[Web page caption snippets]

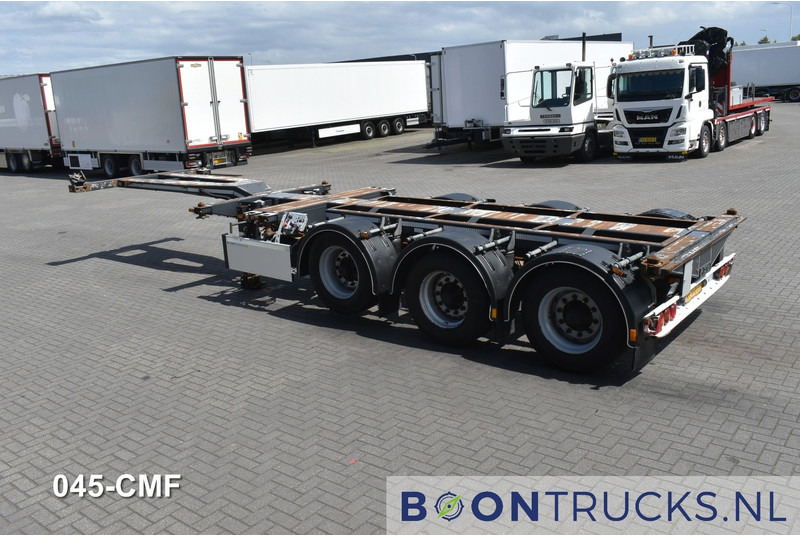 D-Tec FLEXITRAILER | 2x20-30-40-45ft HC * 2x EXTENDABLE * LIFT AXLE * NL TRAILER - Poluprikolica za prevoz kontejnera/ Poluprikolica sa promenjivim sandukom: slika 3 D-Tec FLEXITRAILER | 2x20-30-40-45ft HC * 2x EXTENDABLE * LIFT AXLE * NL TRAILER - Poluprikolica za prevoz kontejnera/ Poluprikolica sa promenjivim sandukom: slika 3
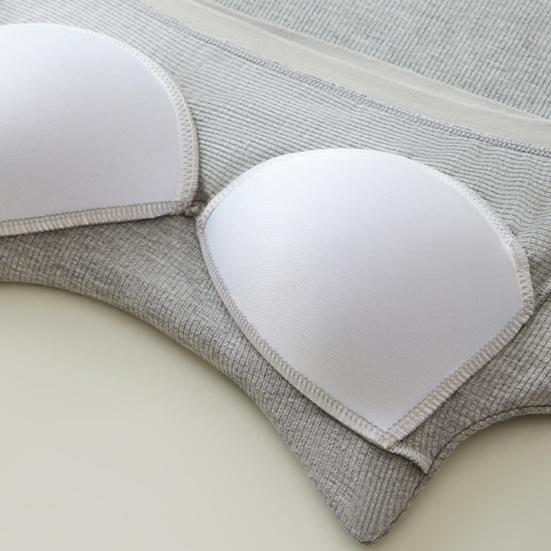 Женский топ-майка без рукавов с широкими бретелями и встроенным бюстгальтером с мягкой подкладкой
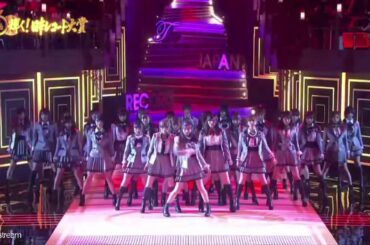 181213 AKB48 - Teacher Teacher live on Japan Record Awards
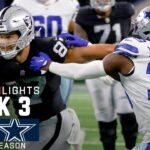Las Vegas Raiders vs. Dallas Cowboys | 2023 Preseason Week 3 Game Highlights
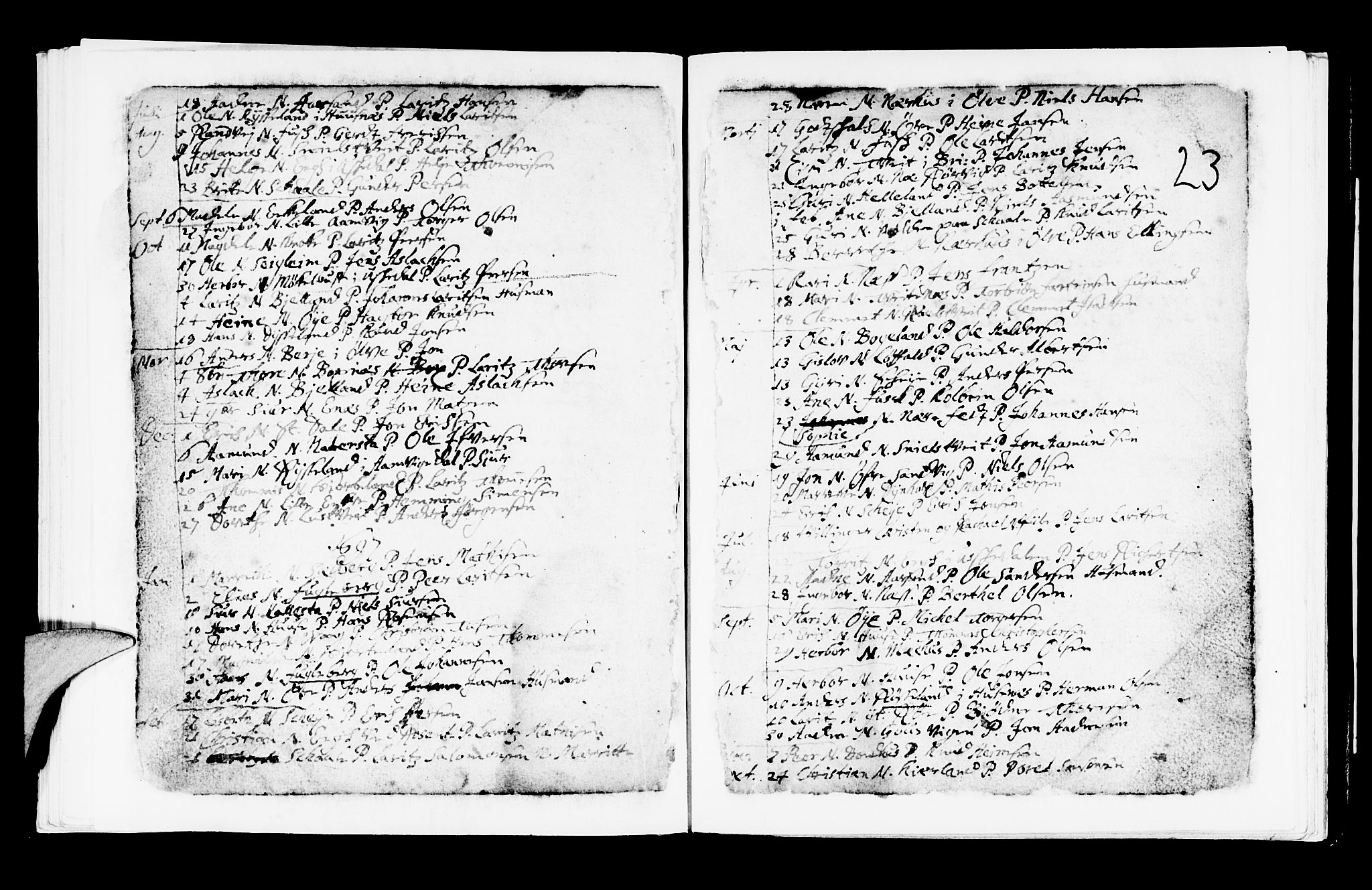 Kvinnherad sokneprestembete, AV/SAB-A-76401/H/Haa: Parish register (official) no. A 1, 1669-1709, p. 23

The task ::
Are you able to set down all the lines above exactly, without any pictures?

Response ::
 D-Tec FLEXITRAILER | 2x20-30-40-45ft HC * 2x EXTENDABLE * LIFT AXLE * NL TRAILER - Poluprikolica za prevoz kontejnera/ Poluprikolica sa promenjivim sandukom: slika 3 D-Tec FLEXITRAILER | 2x20-30-40-45ft HC * 2x EXTENDABLE * LIFT AXLE * NL TRAILER - Poluprikolica za prevoz kontejnera/ Poluprikolica sa promenjivim sandukom: slika 3
 Женский топ-майка без рукавов с широкими бретелями и встроенным бюстгальтером с мягкой подкладкой
 181213 AKB48 - Teacher Teacher live on Japan Record Awards
Las Vegas Raiders vs. Dallas Cowboys | 2023 Preseason Week 3 Game Highlights
 Kvinnherad sokneprestembete, AV/SAB-A-76401/H/Haa: Parish register (official) no. A 1, 1669-1709, p. 23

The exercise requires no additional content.